In contrast to arbitration and litigation, mediation is an non-binding form of dispute resolution, mediator is the result of a mediation. However, mediators are neither judge nor arbitrator, they are not given any power to force the parties to impose a settlement. Mediators will attempt to bring the parties to a mutually accepted settlement in a case of dispute. The settlement is reached in form of a mutually accepted agreement which is not immediately enforceable.
In a dispute, all of the disputing parties must agree to take their dispute to mediation. To help disputing parties reach a settlement, mediation often involves the appointment of a third party specialist in field of disputing matter.
Arbitration or Mediation?
Both arbitration and mediation are Alternative Dispute Resolution, no party is compelled to go to mediation but the court may order arbitration if arbitration clause is present in the contract.
In an event of dispute, the mediator assists the parties to reach settlement by an mutual agreement which is not immediately enforceable and no binding – how and when these parties honor the agreements are purely the matters on this contract.

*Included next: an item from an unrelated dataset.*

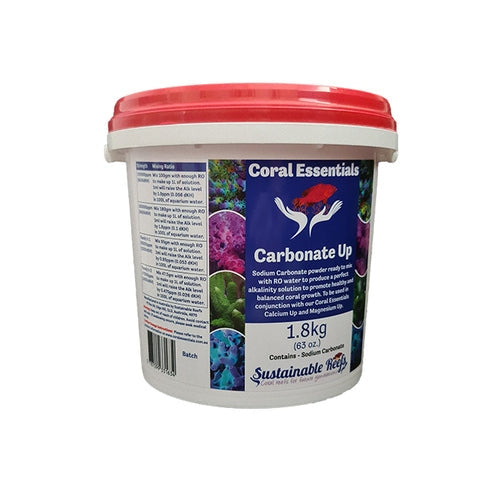 Coral Essentials Carbonate Up Powder 1.8kg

On the contrary, if the parties chose to go for arbitration, the award made by the arbitrator(s) would be final and binding on the parties, and immediately enforceable.
Mediation is always the recommended dispute resolution resolution but the disputing parties are free to choose either arbitration or mediation.
Practically, contracts should provides the subject matter of their disputes so disputing parties should refer to the terms in their contracts. Especially the commercial contracts, there are an arbitration clause stating that when there are disputes arising from the contract. legal proceedings should be the last step after arbitration does not result in settlement.
There is a wide variety of specialist tribunals and courts dealing with land, tenancy, labour, licensing, professional disciplinary and other matters.